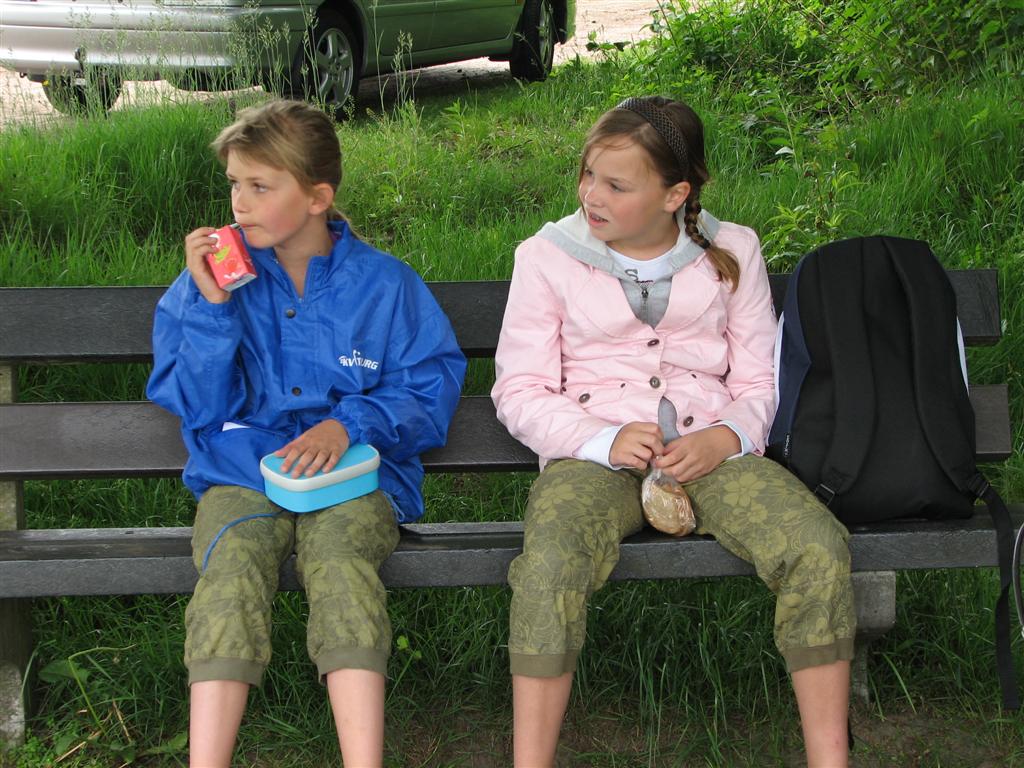 IMG_5962 (Large).jpg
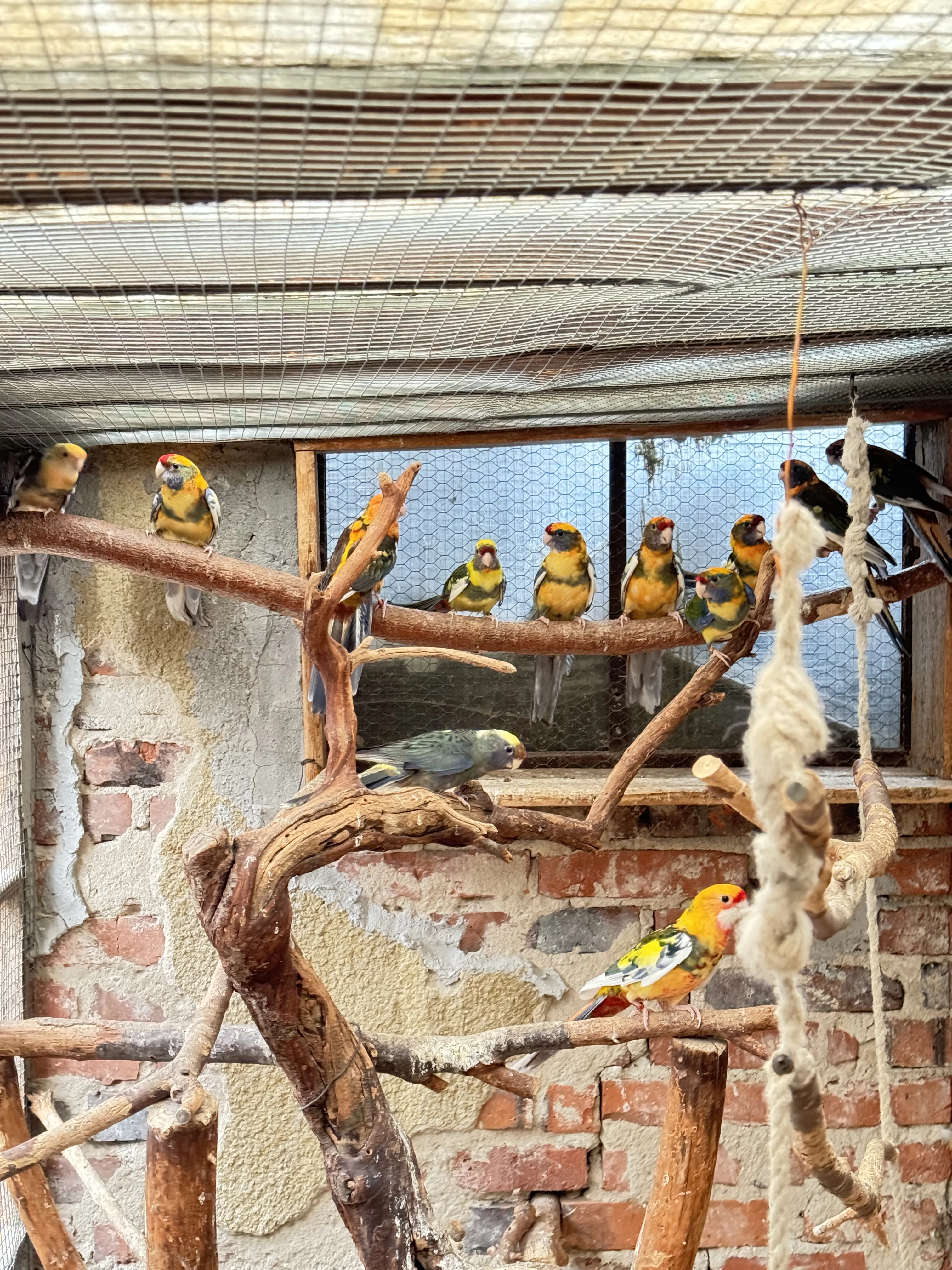 Rosela penant straka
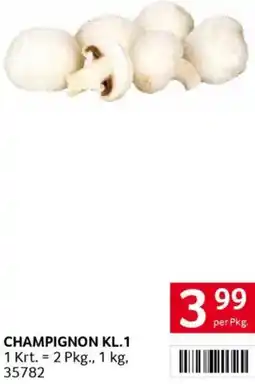 Transgourmet Champignon Angebot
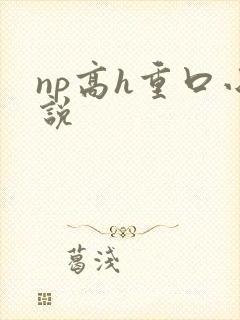 np高h重口小说
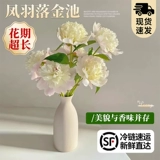Feng yu luo jinchi pei цветок цветок цветок цветок Yunnan прямые волосы Букет шандун Hze Pei Flower Clorte Room Гостиная уход за водой цветы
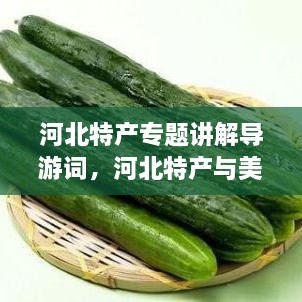 河北特产专题讲解导游词，河北特产与美食的导游词 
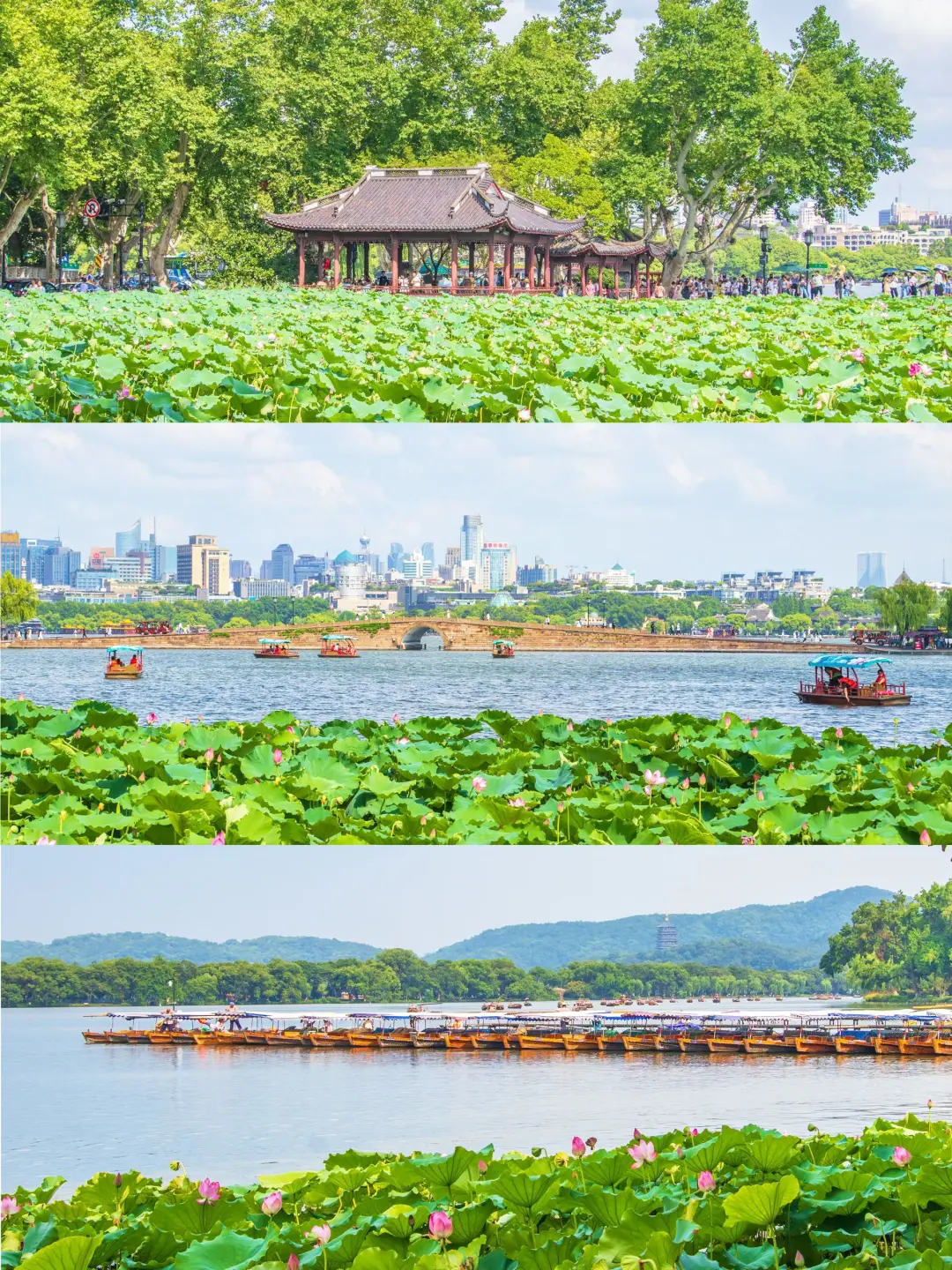 168c0e39aa02ebb9fce4790012a30d45-sz_1144647-1 168c0e39aa02ebb9fce4790012a30d45-sz_1144647-1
# # # # # # #
● Work required: The records above must be repeated in full and exactly, but without any of the pictures.

● Exercise output:
 IMG_5962 (Large).jpg
 Rosela penant straka
 Transgourmet Champignon Angebot
 np高h重口小说
Feng yu luo jinchi pei цветок цветок цветок цветок Yunnan прямые волосы Букет шандун Hze Pei Flower Clorte Room Гостиная уход за водой цветы
 河北特产专题讲解导游词，河北特产与美食的导游词 
 168c0e39aa02ebb9fce4790012a30d45-sz_1144647-1 168c0e39aa02ebb9fce4790012a30d45-sz_1144647-1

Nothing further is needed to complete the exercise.